The plan does not approve or deny procedures, services, testing, or equipment for our members. Our decisions concern coverage only. The decision of whether or not to have a certain test, treatment or procedure is one made between the physician and his/her patient. The plan administers benefits based on the member’s contract and corporate medical policies. Physicians should always exercise their best medical judgment in providing the care they feel is most appropriate for their patients. Needed care should not be delayed or refused because of a coverage determination.

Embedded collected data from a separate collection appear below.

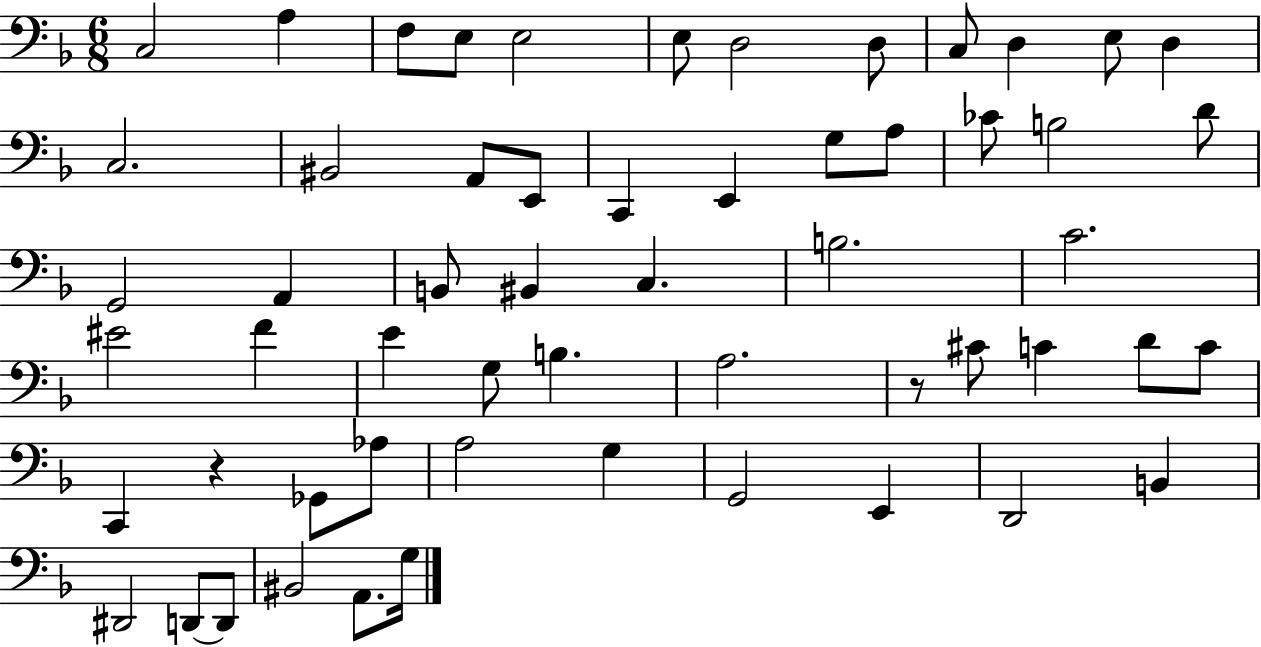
{
  \clef bass
  \numericTimeSignature
  \time 6/8
  \key f \major
  c2 a4 | f8 e8 e2 | e8 d2 d8 | c8 d4 e8 d4 | \break c2. | bis,2 a,8 e,8 | c,4 e,4 g8 a8 | ces'8 b2 d'8 | \break g,2 a,4 | b,8 bis,4 c4. | b2. | c'2. | \break eis'2 f'4 | e'4 g8 b4. | a2. | r8 cis'8 c'4 d'8 c'8 | \break c,4 r4 ges,8 aes8 | a2 g4 | g,2 e,4 | d,2 b,4 | \break dis,2 d,8~~ d,8 | bis,2 a,8. g16 | \bar "|."
}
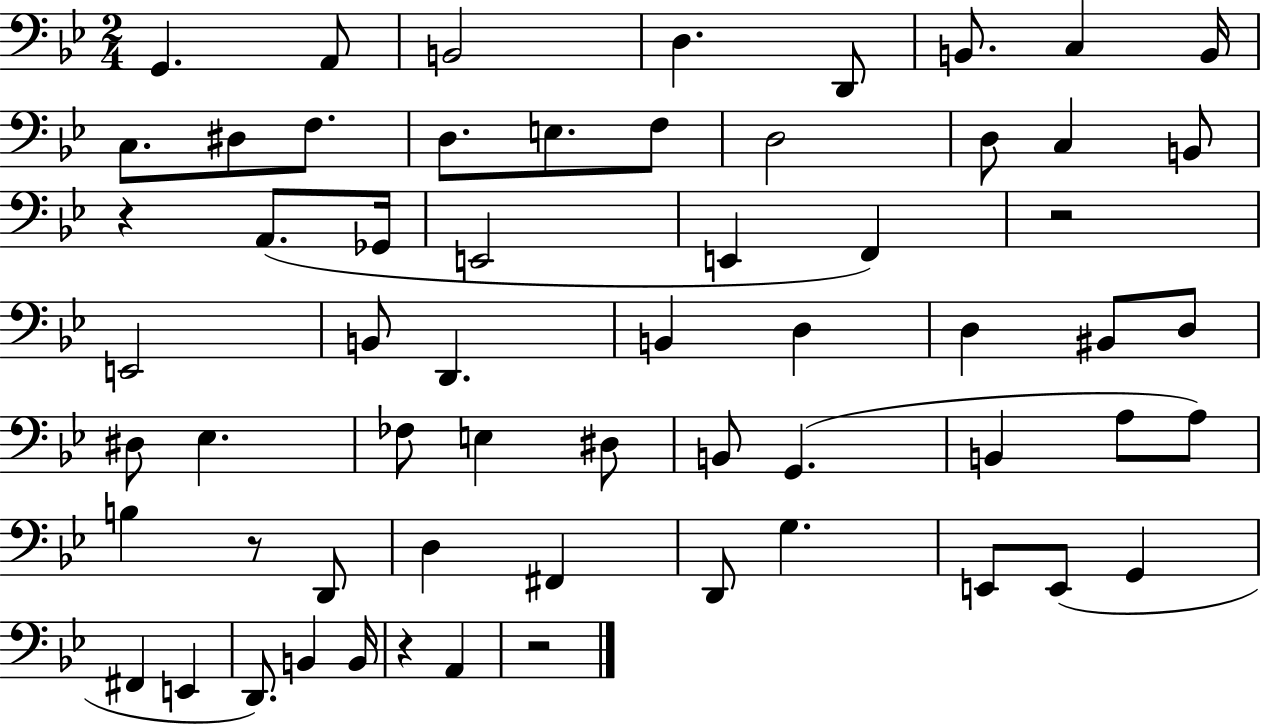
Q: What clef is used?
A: bass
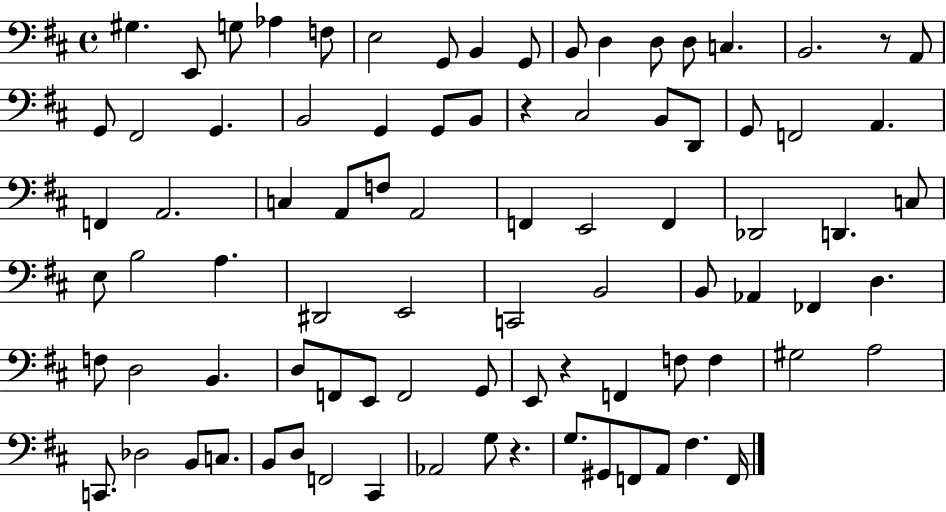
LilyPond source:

{
  \clef bass
  \time 4/4
  \defaultTimeSignature
  \key d \major
  gis4. e,8 g8 aes4 f8 | e2 g,8 b,4 g,8 | b,8 d4 d8 d8 c4. | b,2. r8 a,8 | \break g,8 fis,2 g,4. | b,2 g,4 g,8 b,8 | r4 cis2 b,8 d,8 | g,8 f,2 a,4. | \break f,4 a,2. | c4 a,8 f8 a,2 | f,4 e,2 f,4 | des,2 d,4. c8 | \break e8 b2 a4. | dis,2 e,2 | c,2 b,2 | b,8 aes,4 fes,4 d4. | \break f8 d2 b,4. | d8 f,8 e,8 f,2 g,8 | e,8 r4 f,4 f8 f4 | gis2 a2 | \break c,8. des2 b,8 c8. | b,8 d8 f,2 cis,4 | aes,2 g8 r4. | g8. gis,8 f,8 a,8 fis4. f,16 | \break \bar "|."
}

As a general rule, benefits are payable under health plans only in cases of medical necessity and only if services or supplies are not investigational, provided the customer group contracts have such coverage.
The following Association Technology Evaluation Criteria must be met for a service/supply to be considered for coverage:
1. The technology must have final approval from the appropriate government regulatory bodies;
2. The scientific evidence must permit conclusions concerning the effect of the technology on health outcomes;
3. The technology must improve the net health outcome;
4. The technology must be as beneficial as any established alternatives;
5. The improvement must be attainable outside the investigational setting.
Medical Necessity means that health care services (e.g., procedures, treatments, supplies, devices, equipment, facilities or drugs) that a physician, exercising prudent clinical judgment, would provide to a patient for the purpose of preventing, evaluating, diagnosing or treating an illness, injury or disease or its symptoms, and that are:
1. In accordance with generally accepted standards of medical practice; and
2. Clinically appropriate in terms of type, frequency, extent, site and duration and considered effective for the patient’s illness, injury or disease; and
3. Not primarily for the convenience of the patient, physician or other health care provider; and
4. Not more costly than an alternative service or sequence of services at least as likely to produce equivalent therapeutic or diagnostic results as to the diagnosis or treatment of that patient’s illness, injury or disease.